Kingdom Bank Limited
- Formerly: Kingdom Banking Limited (3–30 January 2002)
- Company type: Private limited company
- Industry: Financial services
- Founded: 2005
- Headquarters: Beeston, Nottingham, United Kingdom
- Area served: United Kingdom
- Products: Mortgages; Savings; Insurance;
- Owner: UK charity Stewardship and a consortium of individuals.
- Website: kingdom.bank

= Kingdom Bank (United Kingdom) =

Christian bank in the United Kingdom

Kingdom Bank Limited is a Christian bank in the United Kingdom. They provide deposit accounts, mortgages, and insurance brokering, with the vision of helping UK churches to grow.

==History==

It was founded in the early 1950s by Pastor George Oldershaw as an informal fund to finance the development of churches within the Assemblies of God movement in Great Britain and Ireland. In 1954 the fund became a Registered Charity known as Assemblies of God Property Trust. The organisation saw slow but steady growth and was authorised by the Bank of England in the 1980s and subsequently by the Financial Services Authority.

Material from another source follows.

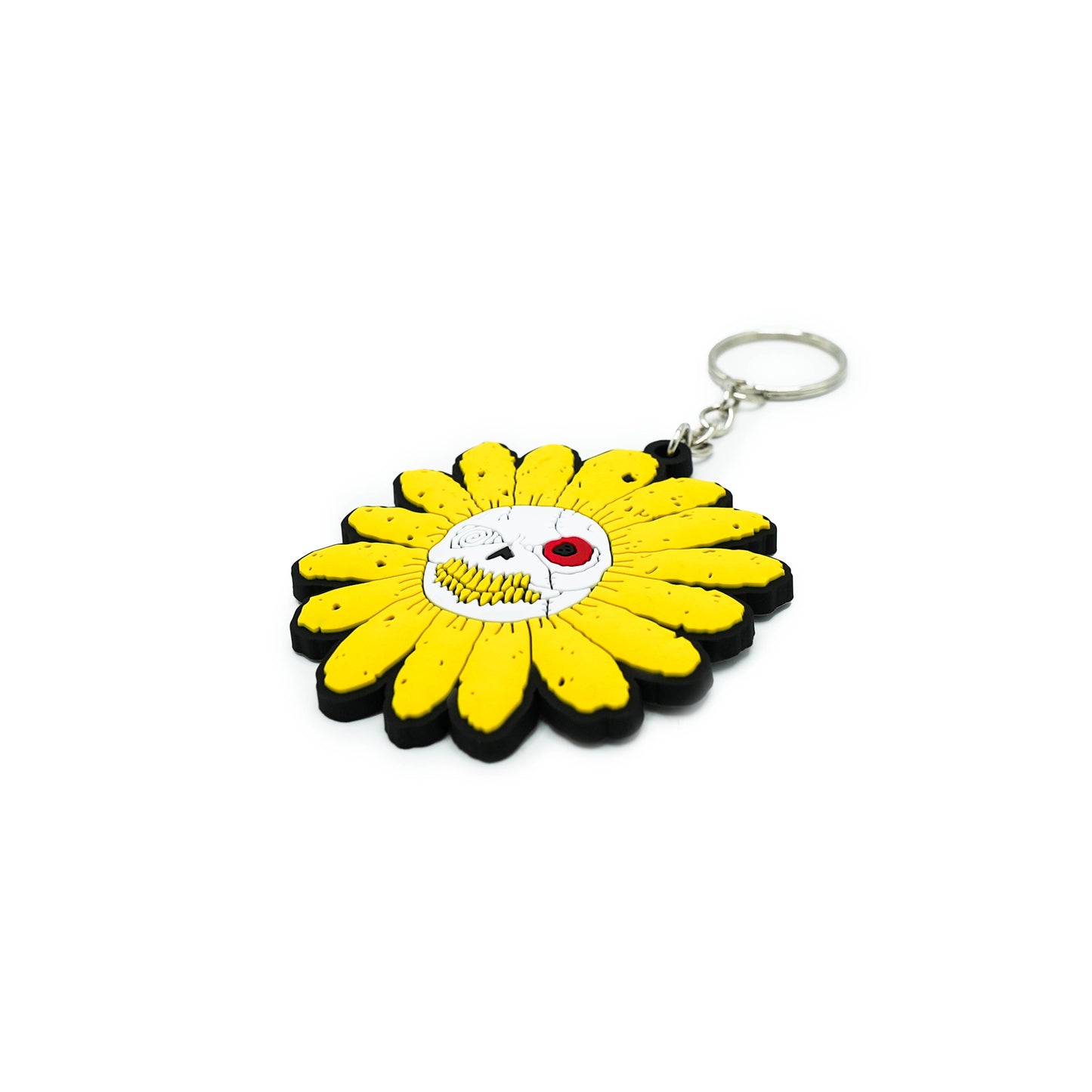 Darby O'Trill Keychain - Sunflower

On 1 January 2005 Kingdom Bank Limited was launched as a wholly owned subsidiary of the Assemblies of God Property Trust.

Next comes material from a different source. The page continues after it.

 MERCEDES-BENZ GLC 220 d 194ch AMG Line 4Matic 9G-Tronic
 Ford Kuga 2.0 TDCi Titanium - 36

In May 2009, Kingdom Bank expanded its insurance business by purchasing the insurance business of Stewardship, a Christian charity. Kingdom Bank Insurance Brokering is primarily designed for Churches and Christian charities.

In September 2019, Kingdom Bank announced that the Assemblies of God Property Trust intended to allow Stewardship, with a group of Christian philanthropists, to purchase the bank. The deal was approved by the regulators and confirmed in March 2020.